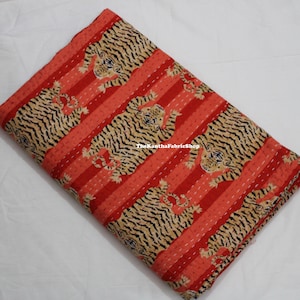 May include: Red and black striped fabric with a repeating pattern of tigers. The fabric is folded in half and has a subtle texture.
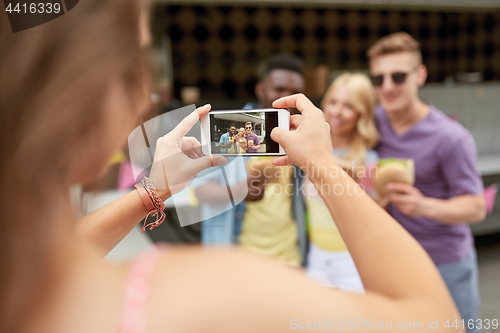 Image of woman photographing friends eating at food truck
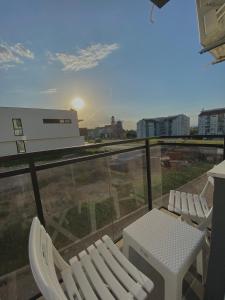 two chairs and a table on a balcony with a view at Verde Apartment in Banja Luka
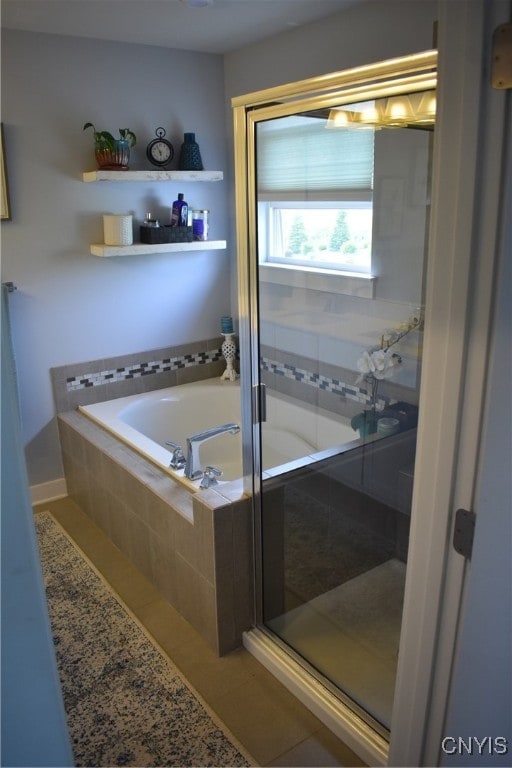 5546 Rolling Meadows Way, Camillus, NY 13031 - bathroom featuring a garden tub and a stall shower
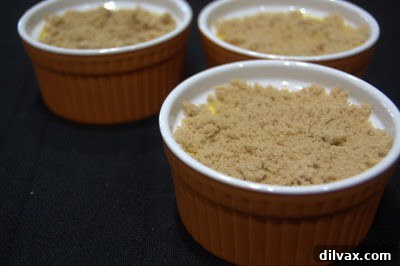 Crème Brûlée with sugar being caramelized by a kitchen torch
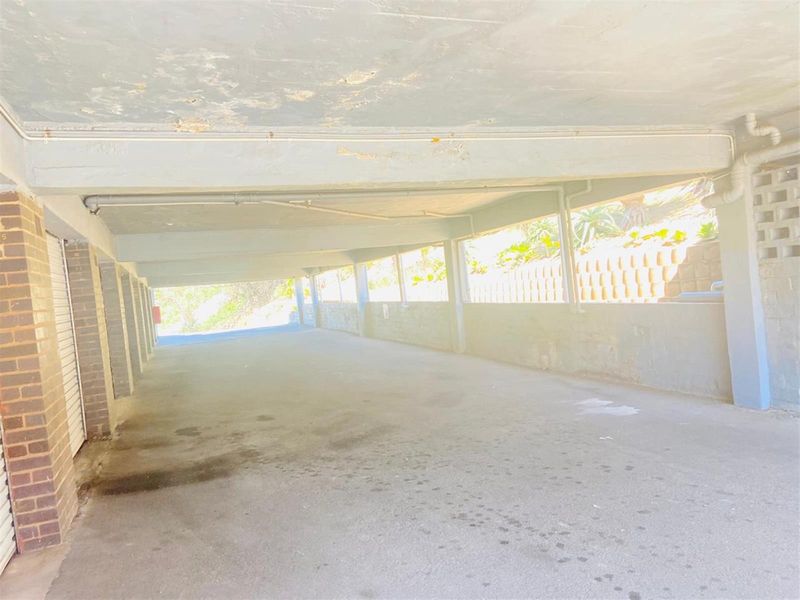 A covered parking area featuring concrete flooring, brick support pillars, and exposed ceiling structure.
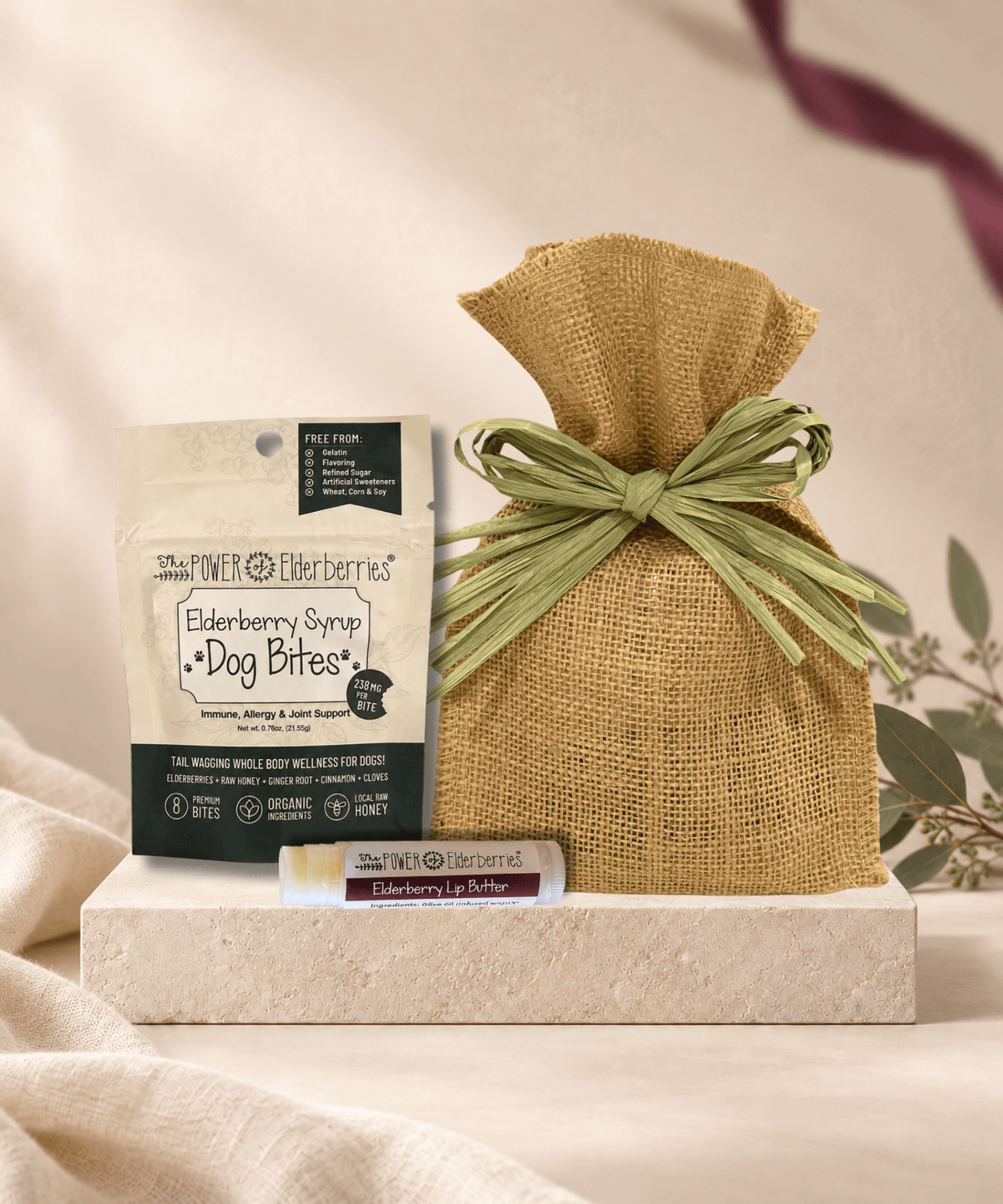 Petite Pup Gift Set with 8-count Elderberry Syrup Dog Bites, Elderberry Lip Butter for the pet parent, and a burlap gift bag.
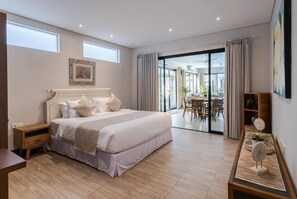 Ein Schlafzimmer mit einem großen Bett, einem Nachttisch, einer Essecke mit Tisch und Stühlen und Blick ins Freie durch eine Glastür.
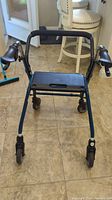 Front view of the blue metal walker showing the seat, wheels, and padded horizontal support bar.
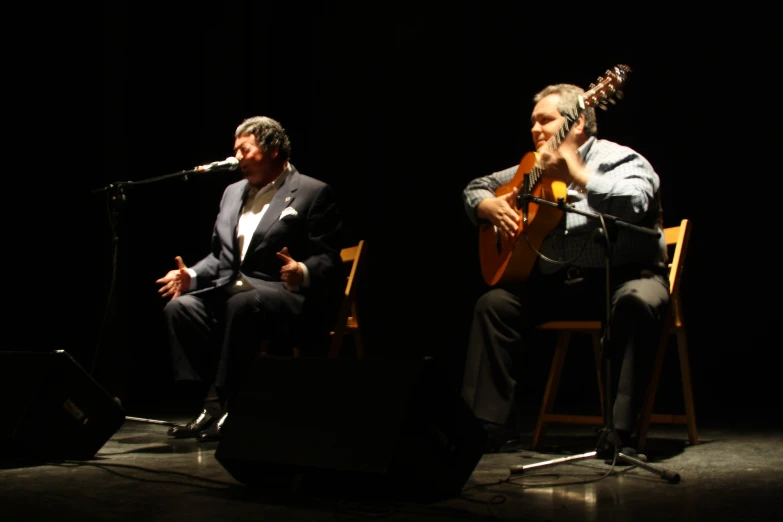 two men sit and sing together, one is playing an acoustic guitar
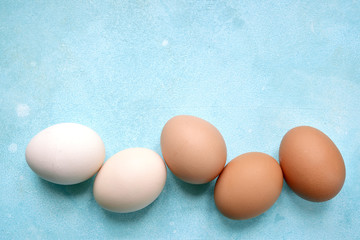 White and beige raw chicken eggs. Top view with copy space.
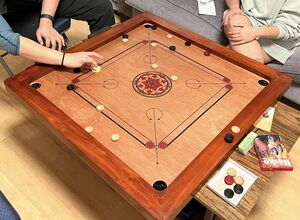 A photo of two people at a carrom board.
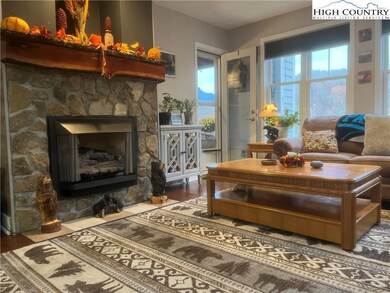 Fireplace w/ Stone & Handcrafted Mantle, beside Glass Door to View Deck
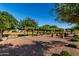 Picturesque community park featuring mature trees, walking paths, benches, and meticulously maintained landscaping at 1528 N Balboa --, Mesa, AZ 85205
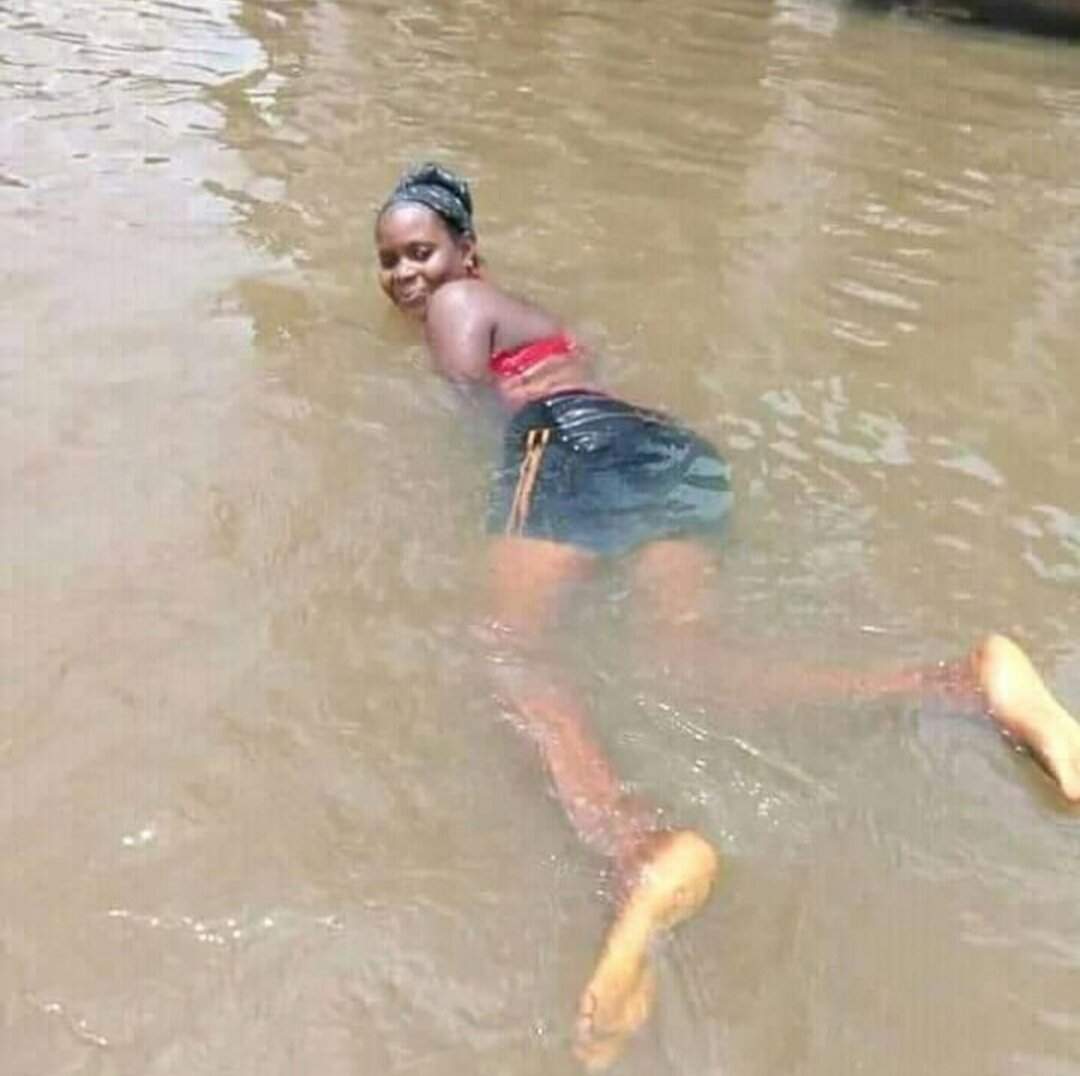 Nigerian Ladies use Flooded Areas as Swimming Pool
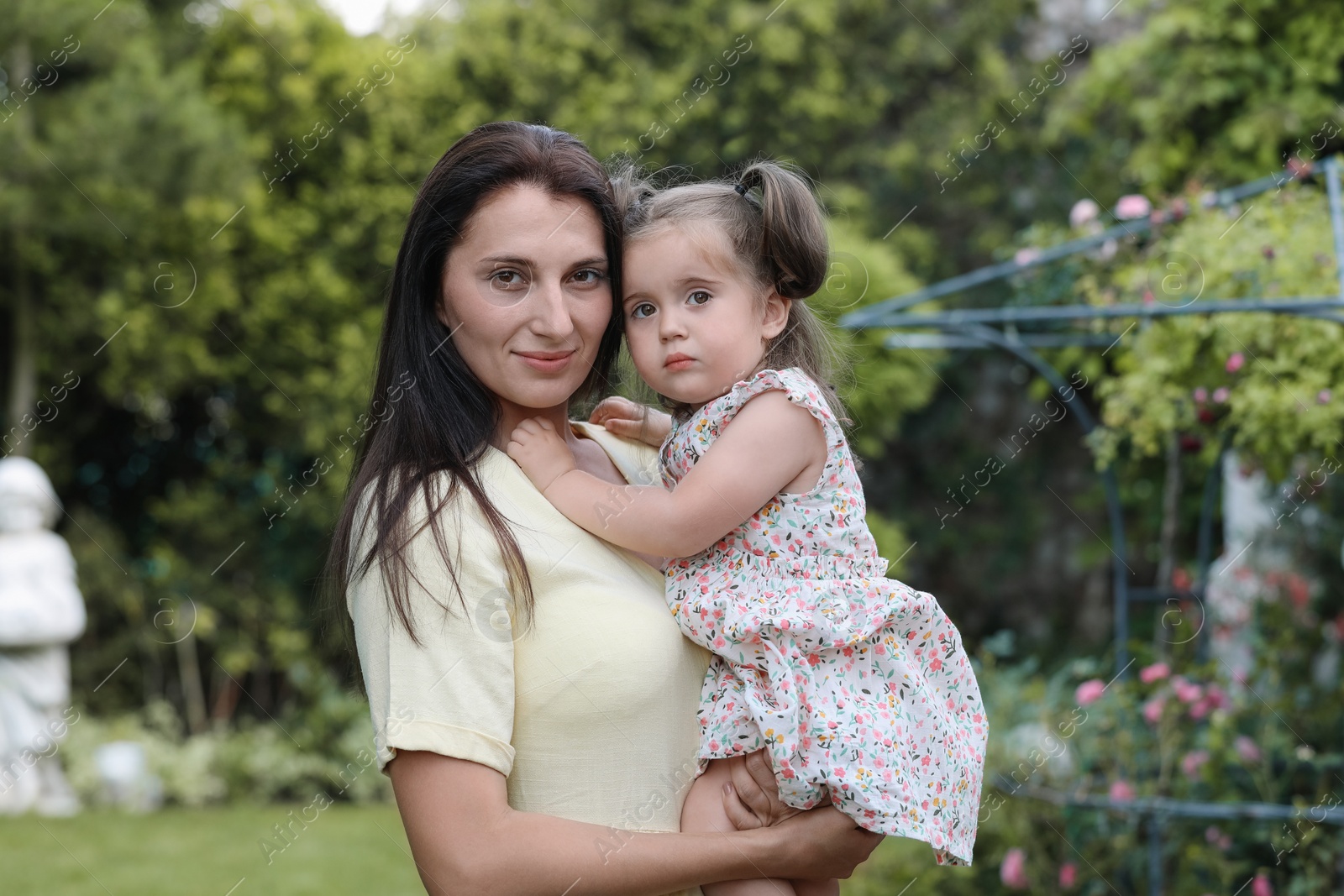 Photo of Mother with her cute daughter spending time together in park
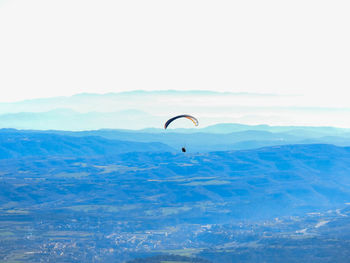 Person paragliding over mountain against the sky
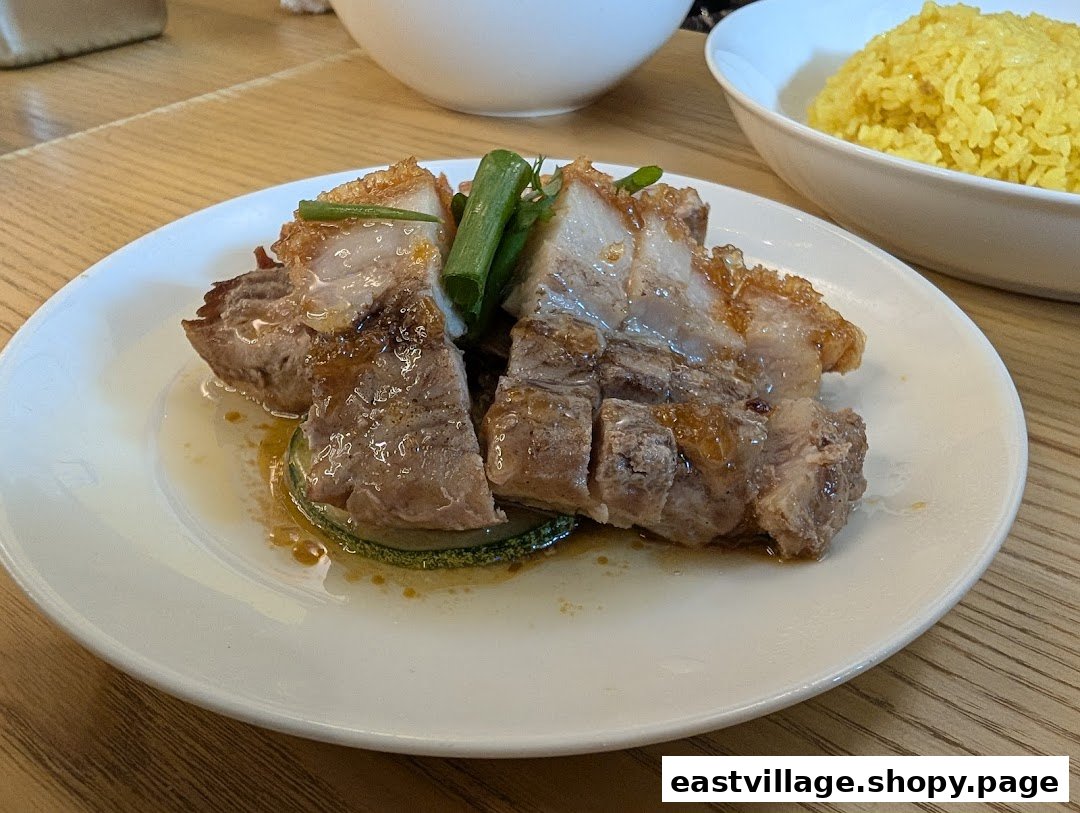 A plate of crispy roasted pork belly with sauce and green onions, served with yellow rice.
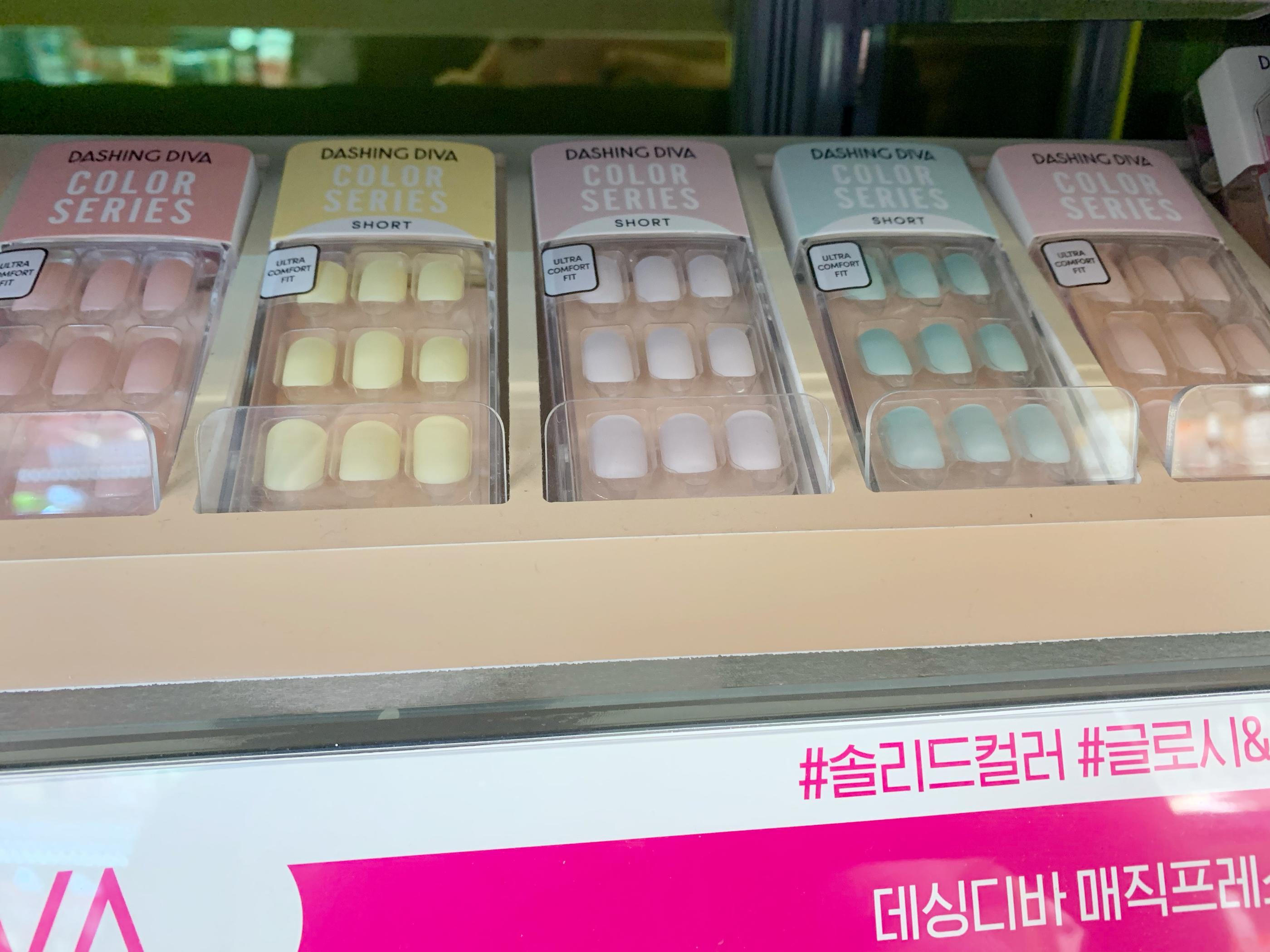 dashing diva color series press-on nails in pink, yellow, purple, blue and light pink at olive young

= WHAT THE TASK REQUIRES =
In the material above, the stretch from the line with "5546 Rolling Meadows" through the line with "Ein Schlafzimmer mit" is to be given again exactly, minus the pictures.

= ANSWER SPACE =
 5546 Rolling Meadows Way, Camillus, NY 13031 - bathroom featuring a garden tub and a stall shower
 Crème Brûlée with sugar being caramelized by a kitchen torch
 A covered parking area featuring concrete flooring, brick support pillars, and exposed ceiling structure.
 Petite Pup Gift Set with 8-count Elderberry Syrup Dog Bites, Elderberry Lip Butter for the pet parent, and a burlap gift bag.
 Ein Schlafzimmer mit einem großen Bett, einem Nachttisch, einer Essecke mit Tisch und Stühlen und Blick ins Freie durch eine Glastür.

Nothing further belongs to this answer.